Outlawing abortion would take a change in the law which could be approved at the Supreme Court level.
Remember, it was the Supreme Court (legislating from the bench) in 1973 that made ABORTION the law of the land.
Further for the Republicans to change the law, the Republicans would need control of the House and the Senate, and the Presidency (since the President must sign bills into law).
What we can do is remember that Party Platforms are the goals of each Party.
We must make ourselves familiar with each current Party Platform on a NATIONAL level as well as each 2014 Party Platform on the STATE level.
These can be found on the internet.
Look for support of the Intrinsic evils of: ABORTION, EUTHANASIA, SAME SEX MARRIAGE, (Embryonic) STEM CELL RESEARH, etc.
INTRINSIC EVILS are not negotiable.
Since government can not be all things to all people both from a practical and financial standpoint – how to implement other things and priorities are the Prudential Judgment of the LAITY (not Bishops).
CCC: 2442; 898.
(Some Diocese Bishops need to be reminded of this.)
NEVER TOLERATE MORTAL SIN.
If ever in doubt regarding Faith & Morals, use your “Catechism of the Catholic Church, Second Edition”.
When Bishops get involved in politics which are not 100% in conformance with all the teachings in the CCC, they damage the Faith by teaching falsely.
Their own political opinions mean nothing.

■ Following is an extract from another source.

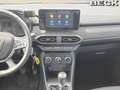 Dacia Jogger Comfort TCe 100 Eco-G | Klima,BT,Sitzheiz,PDC,LED Blau - thumbnail 9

And they should not use their Church position to push them.
Remember the CCC contains the Doctrine of the Faith.
The CCC does NOT:
1) prohibit the death penalty 100% of the time;
2) prohibit gun ownership;
and
3) Immigrants ARE REQUIRED to obey the laws of the host Country, and this does not exclude immigration laws.
(These are only 3 where some Bishops have imposed their own political beliefs that are not 100% in conformance with the CCC by their twisting the truth.)
Read your CCC, you can not trust ALL Diocese Bishops.
Hopefully they will not promote abortion all over the world – the way of Obama, and Hillary Clinton (who got PP’s 2009 Margaret Sanger Award).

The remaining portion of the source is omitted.